7. De rechtbank ziet aanleiding verweerder te veroordelen in de kosten die eiser in beroep redelijkerwijs heeft moeten maken. De te vergoeden kosten zijn overeenkomstig artikel 8:75 van de Algemene wet bestuursrecht (Awb) en het Besluit proceskosten bestuursrecht voor de door een derde beroepsmatig verleende rechtsbijstand in beroep vastgesteld op € 990,- (1 punt voor het beroepschrift en 1 punt voor het verschijnen op zitting, beide ter waarde van € 495,-).

Beslissing

De rechtbank:
  • verklaart het beroep gegrond;
  • vernietigt het bestreden besluit;
  • draagt verweerder op om over de periode van 1 januari 2017 tot en met 21 maart 2017 binnen zes weken na de dag van verzending van deze uitspraak een nieuw besluit te nemen op het bezwaar met inachtneming van deze uitspraak en over de periode van 22 maart 2017 tot en met 31 december 2017 een nieuw besluit te nemen op het bezwaar binnen zes weken na vaststelling door de gemeenteraad van de normen voor de hoogte van het pgb;
  • draagt verweerder op het betaalde griffierecht van € 46,- aan eiser te vergoeden;
  • veroordeelt verweerder in de proceskosten van eiser tot een bedrag van € 990,-.
  • treft de voorlopige voorziening dat aan eiser een maatwerkvoorziening in de vorm van een pgb wordt toegekend tot een bedrag van € 45.625,- op jaarbasis voor de periode van 22 maart 2017 tot en met 31 december 2017, welke voorziening geldt tot zes weken nadat verweerder over die periode een nieuw besluit op het bezwaar heeft genomen.
Deze uitspraak is gedaan door mr.
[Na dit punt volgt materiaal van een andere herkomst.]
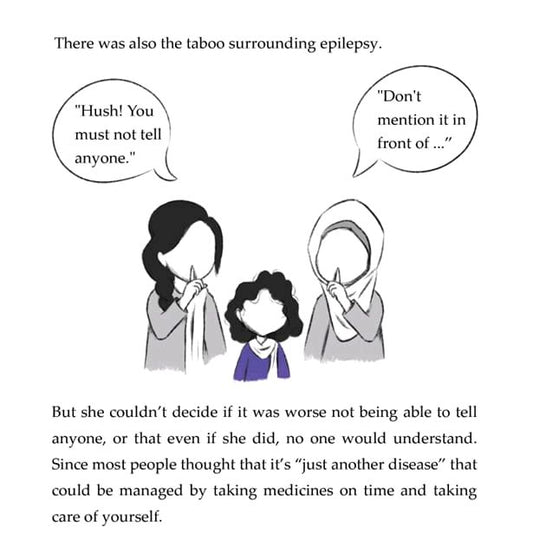 Living With Epilepsy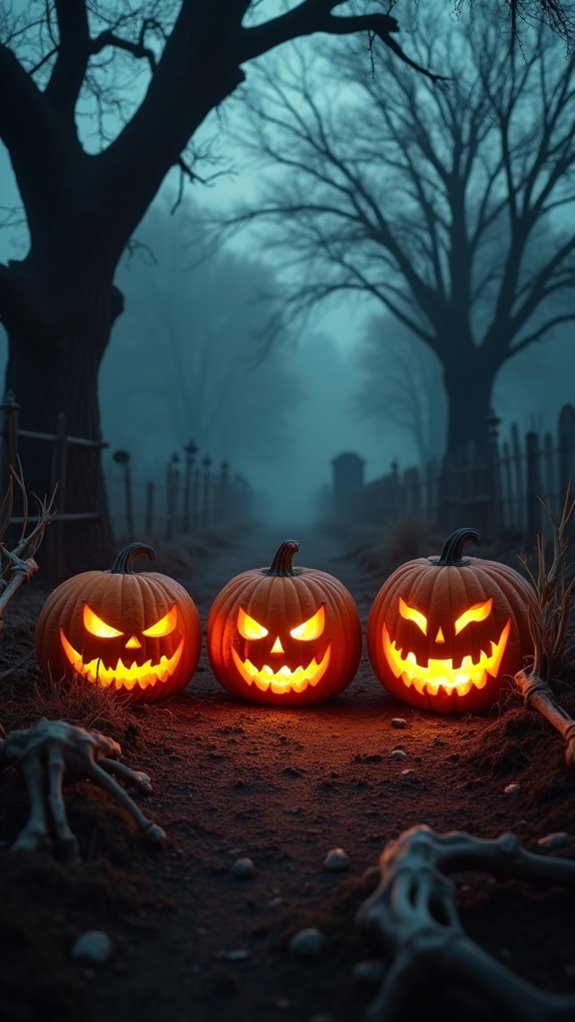 eerie ambiance haunting secrets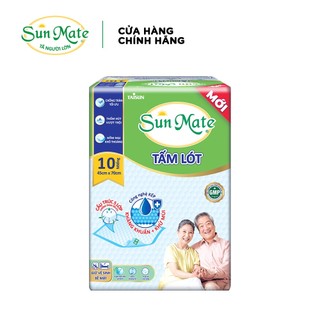 Tấm đệm lót SunMate (10 miếng)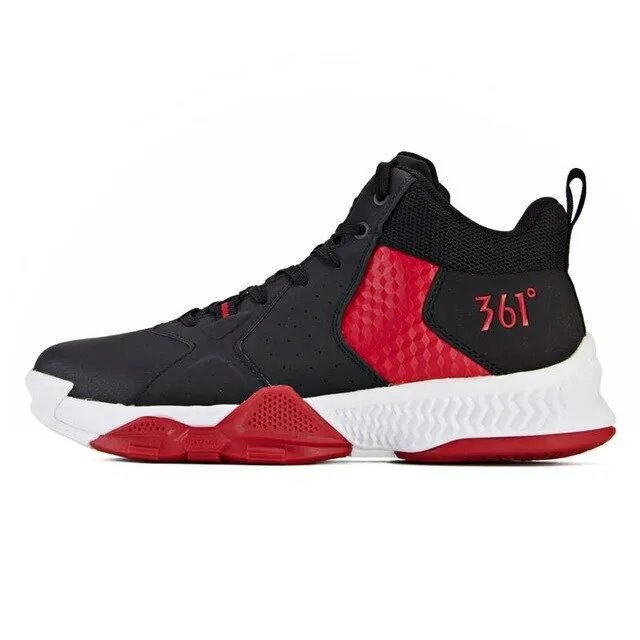 361 Men On Court Basketball Shoes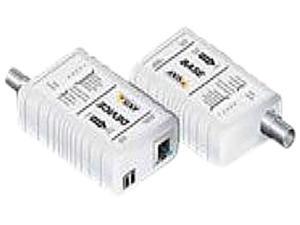 AXIS 5026-401 T8640 Ethernet Over Coax Adaptor PoE+ - media converter AXIS 5026-401 T8640 Ethernet Over Coax Adaptor PoE+ - media converter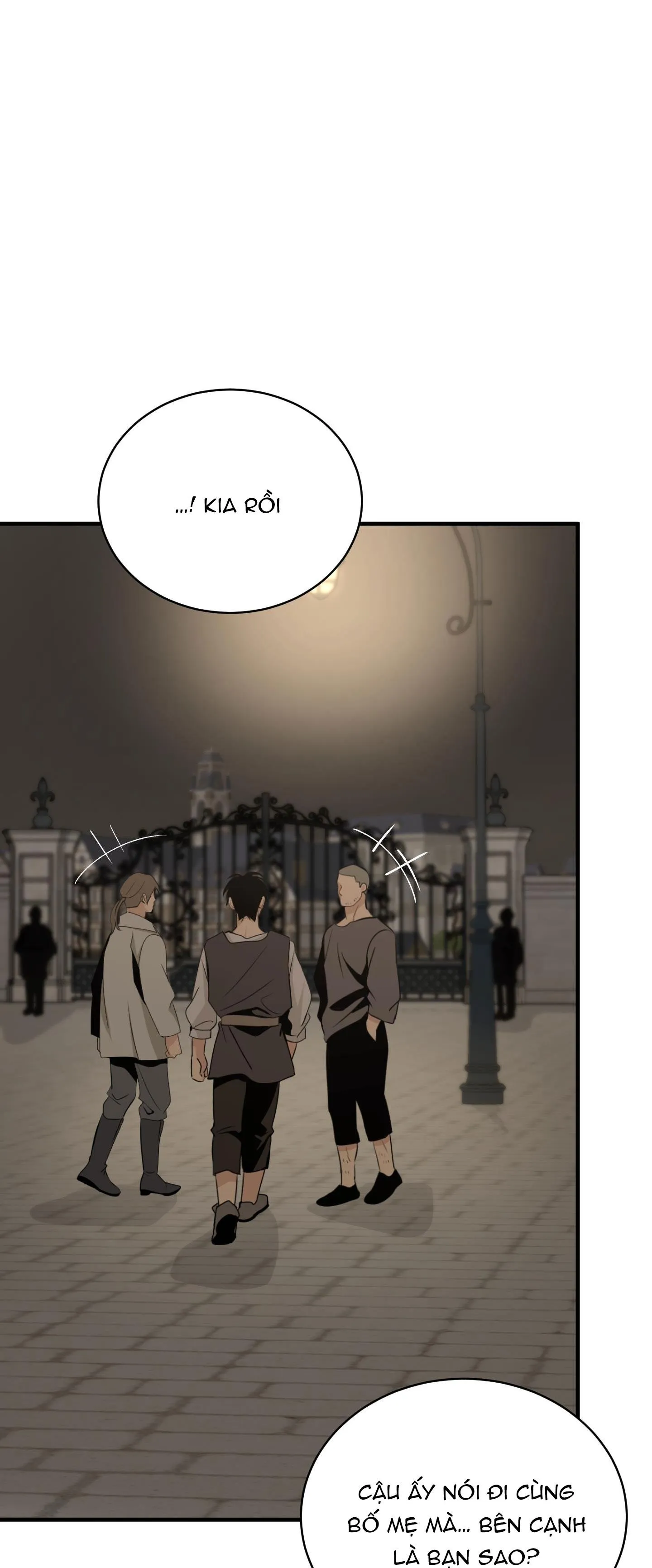 LOÀI HOA KHÔNG TÊN Chapter 11 Trang 47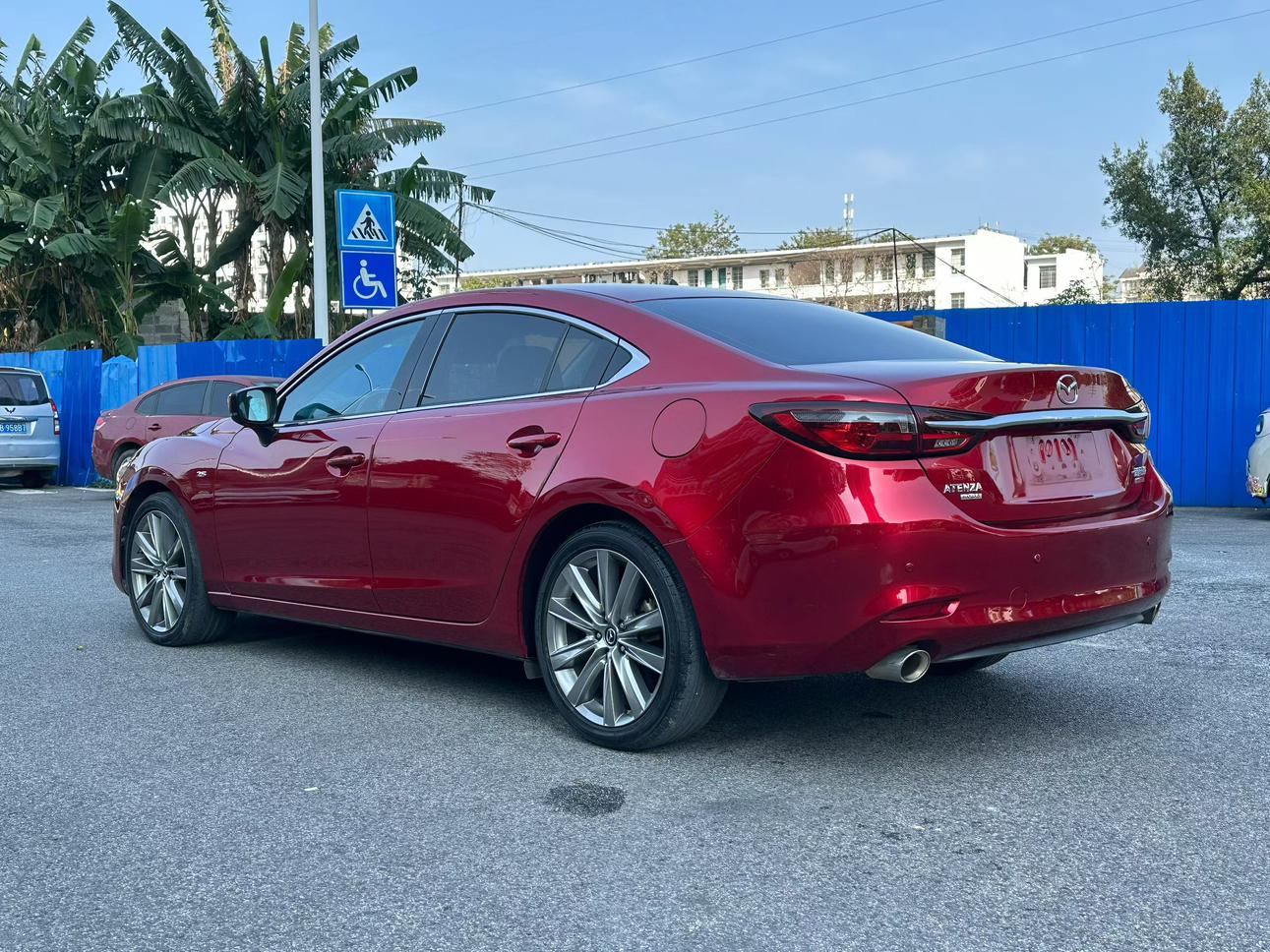 Mazda Atenza 2021 thumb 11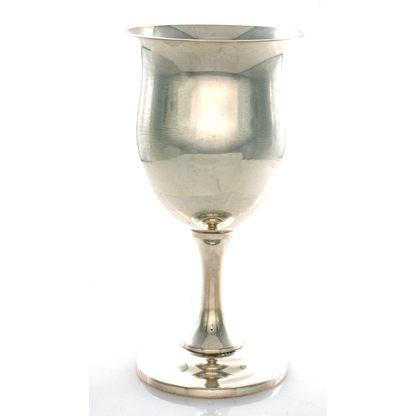 Reed & Barton Sterling Silver Goblet H120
T.J. Thurlings, voorzitter, en mr. P.H. Banda en mr. W.R.H. Lutjes, leden, in aanwezigheid van mr. E.G.M. ten Kate-van Holsteijn, griffier. De beslissing is in het openbaar uitgesproken op
griffier voorzitter
Afschrift verzonden aan partijen op:

Rechtsmiddel

Tegen deze uitspraak kan binnen zes weken na de datum van verzending daarvan hoger beroep worden ingesteld bij de Centrale Raad van Beroep. Als hoger beroep is ingesteld, kan bij de voorzieningenrechter van de hogerberoepsrechter worden verzocht om het treffen van een voorlopige voorziening of om het opheffen of wijzigen van een bij deze uitspraak getroffen voorlopige voorziening.